Reproduce only this stretch of the listing below: from the line with "Opel Combo 2002–2012" through the line with "TSV 50pcs Garden", exactly as written, with pictures excluded.

§ **INPUT DATA**

== Segment start ==

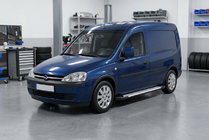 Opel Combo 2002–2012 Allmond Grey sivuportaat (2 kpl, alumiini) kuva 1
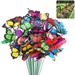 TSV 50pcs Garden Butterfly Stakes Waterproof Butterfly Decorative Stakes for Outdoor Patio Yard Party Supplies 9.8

== Segment end ==
== Segment start ==

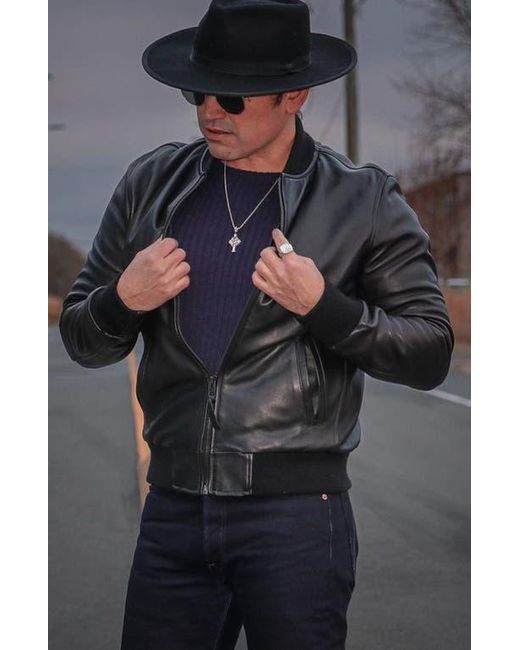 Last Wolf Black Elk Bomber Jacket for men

== Segment end ==
== Segment start ==

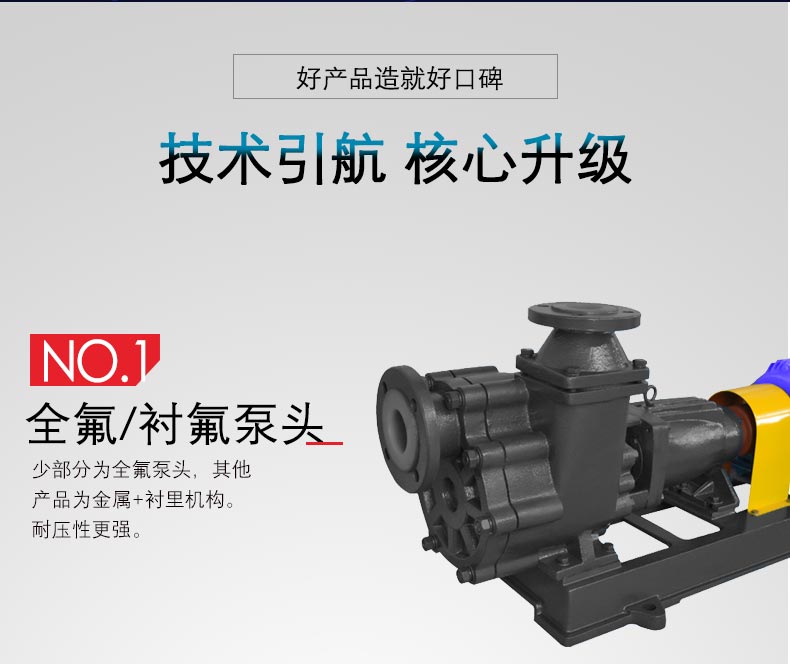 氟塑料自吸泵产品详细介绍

== Segment end ==

§ **RESULT OF THIS EXERCISE**
 Opel Combo 2002–2012 Allmond Grey sivuportaat (2 kpl, alumiini) kuva 1
 TSV 50pcs Garden Butterfly Stakes Waterproof Butterfly Decorative Stakes for Outdoor Patio Yard Party Supplies 9.8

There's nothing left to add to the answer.